IT Brief New Zealand - Technology news for CIOs & IT decision-makers
Story image
AI Chipmaker Hailo releases new deep learning processor
Wed, 15th May 2019
FYI, this story is more than a year old

AI chipmaker Hailo released today the Hailo-8, a new deep learning processor.

Hailo is now sampling its chip with select partners across multiple industries, with a focus on automotive. The chip is built with an architecture that enables edge devices to run sophisticated deep learning applications that could previously run only on the cloud.

Key disadvantages exist in the current architecture of the embedded processing infrastructure, designed based on a 70-year-old underlying structure.

Hailo addresses these issues with its holistic solution, which supposedly rethinks the existing pillars of computer architecture – memory, control, and compute – and incorporates a key, comprehensive Software Development Kit (SDK) co-developed with the hardware.

The Hailo-8 processor, which features up to 26 Tera operations per second (TOPS), supposedly outperforms all other edge processors with area and power efficiency superior to other leading solutions by a considerable order of magnitude.

By designing an architecture that relies on the core properties of neural networks, edge devices can now run deep learning applications at full scale more efficiently, effectively, and sustainably than traditional solutions, while significantly lowering costs.
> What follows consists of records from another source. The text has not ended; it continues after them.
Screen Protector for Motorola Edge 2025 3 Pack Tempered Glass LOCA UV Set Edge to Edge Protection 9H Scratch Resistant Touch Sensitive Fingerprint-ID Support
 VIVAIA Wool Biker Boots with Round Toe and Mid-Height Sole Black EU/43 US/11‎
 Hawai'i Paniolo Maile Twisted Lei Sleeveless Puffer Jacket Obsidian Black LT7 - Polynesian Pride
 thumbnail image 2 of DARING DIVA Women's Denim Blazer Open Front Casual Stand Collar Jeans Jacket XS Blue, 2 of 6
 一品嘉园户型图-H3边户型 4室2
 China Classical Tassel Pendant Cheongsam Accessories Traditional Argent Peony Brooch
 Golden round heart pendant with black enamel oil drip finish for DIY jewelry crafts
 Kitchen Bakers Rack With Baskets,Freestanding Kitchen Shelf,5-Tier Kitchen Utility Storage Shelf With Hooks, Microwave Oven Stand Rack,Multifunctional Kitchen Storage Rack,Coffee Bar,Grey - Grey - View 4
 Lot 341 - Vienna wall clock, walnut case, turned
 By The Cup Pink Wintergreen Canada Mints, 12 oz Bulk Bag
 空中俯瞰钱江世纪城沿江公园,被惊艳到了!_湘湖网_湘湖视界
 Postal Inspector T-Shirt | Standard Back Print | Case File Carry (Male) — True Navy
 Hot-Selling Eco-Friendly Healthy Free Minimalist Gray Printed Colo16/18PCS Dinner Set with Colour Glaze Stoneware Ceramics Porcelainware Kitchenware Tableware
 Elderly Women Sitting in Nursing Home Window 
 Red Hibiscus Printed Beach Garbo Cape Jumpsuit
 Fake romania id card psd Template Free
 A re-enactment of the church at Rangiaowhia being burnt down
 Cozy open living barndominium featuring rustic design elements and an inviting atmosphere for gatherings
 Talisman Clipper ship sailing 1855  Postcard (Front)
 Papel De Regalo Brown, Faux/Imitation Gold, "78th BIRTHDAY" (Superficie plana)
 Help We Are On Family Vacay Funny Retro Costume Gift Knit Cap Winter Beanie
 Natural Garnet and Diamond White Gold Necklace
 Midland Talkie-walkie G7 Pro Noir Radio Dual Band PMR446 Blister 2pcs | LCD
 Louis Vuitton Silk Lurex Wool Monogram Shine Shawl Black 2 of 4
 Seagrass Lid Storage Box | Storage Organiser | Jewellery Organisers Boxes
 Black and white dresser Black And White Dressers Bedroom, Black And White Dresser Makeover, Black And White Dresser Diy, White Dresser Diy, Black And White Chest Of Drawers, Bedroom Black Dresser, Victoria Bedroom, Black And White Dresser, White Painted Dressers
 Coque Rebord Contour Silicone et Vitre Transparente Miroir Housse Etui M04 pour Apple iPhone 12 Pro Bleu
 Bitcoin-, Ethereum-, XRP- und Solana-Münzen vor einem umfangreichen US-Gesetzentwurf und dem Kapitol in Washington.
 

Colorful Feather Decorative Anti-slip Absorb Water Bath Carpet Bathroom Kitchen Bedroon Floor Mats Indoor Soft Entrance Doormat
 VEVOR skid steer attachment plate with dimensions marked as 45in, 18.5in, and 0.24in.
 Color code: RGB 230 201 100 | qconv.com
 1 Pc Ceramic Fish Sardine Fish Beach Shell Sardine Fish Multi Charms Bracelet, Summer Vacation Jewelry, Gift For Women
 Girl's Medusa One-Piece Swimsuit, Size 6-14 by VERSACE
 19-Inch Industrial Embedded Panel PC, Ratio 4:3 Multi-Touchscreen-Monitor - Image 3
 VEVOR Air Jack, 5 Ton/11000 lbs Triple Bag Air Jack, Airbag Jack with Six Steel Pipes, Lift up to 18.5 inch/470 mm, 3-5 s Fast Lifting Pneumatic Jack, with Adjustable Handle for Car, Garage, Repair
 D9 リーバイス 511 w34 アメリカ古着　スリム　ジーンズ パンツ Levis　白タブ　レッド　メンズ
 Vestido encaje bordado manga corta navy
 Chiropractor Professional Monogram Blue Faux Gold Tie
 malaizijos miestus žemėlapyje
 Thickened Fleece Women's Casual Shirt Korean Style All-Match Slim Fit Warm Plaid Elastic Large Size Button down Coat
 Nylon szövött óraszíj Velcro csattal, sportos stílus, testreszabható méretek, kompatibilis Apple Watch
Hailo is working with OEMs and Tier-1 automotive companies in fields such as advanced driver-assistance systems (ADAS), as well as players in industries like smart cities and smart homes, to empower smarter edge and IoT devices.

These industries often require the use of high-performance cameras to perform tasks such as semantic segmentation and object detection in real time – tasks which Hailo's chip can perform at full resolution while consuming only a few Watts. Hailo's redesign eliminates untenable heat dissipation issues and removes the need for active cooling systems in the automotive industry.

Its structure supposedly translates to higher performance, lower power, and minimal latency, enabling more privacy and better reliability for smart devices operating at the edge.

According to preliminary results comparing Hailo-8 to Nvidia's Xavier AGX, which runs NN benchmarks such as ResNet-50, Hailo-8 consumes almost 20 times less power while performing the same tasks.

"In recent years, we've witnessed an ever-growing list of applications unlocked by deep learning, which were made possible thanks to server-class GPUs," said Hailo CEO Orr Danon.

"However, as industries are increasingly powered and even upended by AI, there is a crucial need for an analogous architecture that replaces processors of the past, enabling deep learning to run devices at the edge.

“Hailo's chip was designed from the ground up to do just that. We are excited to help customers drive their intelligent devices to new limits. A new age of chips means a new age of technology."